Google’s YouTube is everywhere, it seems. In the ‘free’ list, and with dedicated buttons, one marked YouTube and another with their logo and ‘Music’.
Other buttons offer direct access to apps for Netflix, Prime Video, Stan, ABC iView and Kayo – some sets also have Disney+ apparently – and it is to this that Free TV Australia objects in a submission to parliament’s inquiry into social media and online safety, for which submissions have just closed.
The group represents free-to-air broadcasters Seven, Nine and Ten, and says commercial stations are becoming “increasingly hard to find” on smart TVs.
“TV manufacturers and operating system developers increasingly exert control over which options are displayed to consumers, directing viewers to those services that can pay the highest price for preferred placement on the home screen,” it says in its submission.
It clearly understands that decisions on what apps are presented, and the position of terrestrial services and local broadcasters’ BVOD, “are increasingly being made in boardrooms in Japan, South Korea and the US”.
And of course, on who’s paying what to whom.
FTVA says the risk becomes greater as manufacturers seek “a clip of the ticket” to monetise “prominent spots on user interfaces” and to reach lucrative deals with streaming services.

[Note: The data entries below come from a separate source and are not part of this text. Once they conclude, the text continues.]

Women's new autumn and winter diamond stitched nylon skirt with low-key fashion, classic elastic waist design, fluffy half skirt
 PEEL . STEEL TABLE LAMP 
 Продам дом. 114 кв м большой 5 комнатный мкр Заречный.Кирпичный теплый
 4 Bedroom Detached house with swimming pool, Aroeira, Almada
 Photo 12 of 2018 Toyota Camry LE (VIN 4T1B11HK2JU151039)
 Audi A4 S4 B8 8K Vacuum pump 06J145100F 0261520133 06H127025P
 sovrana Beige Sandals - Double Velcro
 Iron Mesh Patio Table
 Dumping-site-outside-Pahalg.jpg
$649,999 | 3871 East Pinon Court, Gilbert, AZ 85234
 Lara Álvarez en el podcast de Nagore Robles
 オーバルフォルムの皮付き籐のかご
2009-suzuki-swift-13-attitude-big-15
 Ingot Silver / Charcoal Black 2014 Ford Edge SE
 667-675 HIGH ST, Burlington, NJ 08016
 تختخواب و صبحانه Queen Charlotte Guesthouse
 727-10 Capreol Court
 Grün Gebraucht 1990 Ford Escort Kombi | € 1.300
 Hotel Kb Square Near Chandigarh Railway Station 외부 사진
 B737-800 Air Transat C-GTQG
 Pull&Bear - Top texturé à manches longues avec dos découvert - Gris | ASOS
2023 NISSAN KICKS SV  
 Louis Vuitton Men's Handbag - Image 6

Buying the 40” Hisense at Harvey Norman, as I mentioned, was an experience in itself. Located almost equidistant between regional two stores, I headed north first to have an arrogant assistant at HN Gympie tell me they didn’t have any 40” sets, even though they had boxed ones in the store. He said he meant 4K-capable, though we hadn’t mentioned that, and I didn’t need or want it. A trip into Noosa was an altogether more pleasant experience and Gerry Harvey got the deal in no time.
I mention this as not everyone has a need for streamed content, nor necessarily the bandwidth to support. Our internet comes via fixed wifi, a dish on our roof connecting us to one of those 40-metre poles half the locals object vehemently to, on the other side of the village.
Free TV Australia says legislation was needed to ensure TV manufacturers made it easy for Australians to find free-to-air channels, and proposes a “prominence framework”. It also makes the point that global streaming platforms cannot cut to breaking news to cover health advice updates or bushfire updates.
Nonetheless, I fear free-to-air TV will become an endangered species, if it hasn’t already. The still-wonderful ABC is paid for through our taxes, and I’m happy to watch through – or make tea during – the ads on commercial TV. Much more so than the ones on YouTube which, unless you have one of those third-party laser-pointer remotes, deny you the opportunity to “skip ads”.
Last night I was too idle to avoid – which you can also do by using a linked iPad – the unbelievable five minutes of United Australia Party founder Clive Palmer telling me that mainstream media had declined his advertising dollar… but don’t get me started again.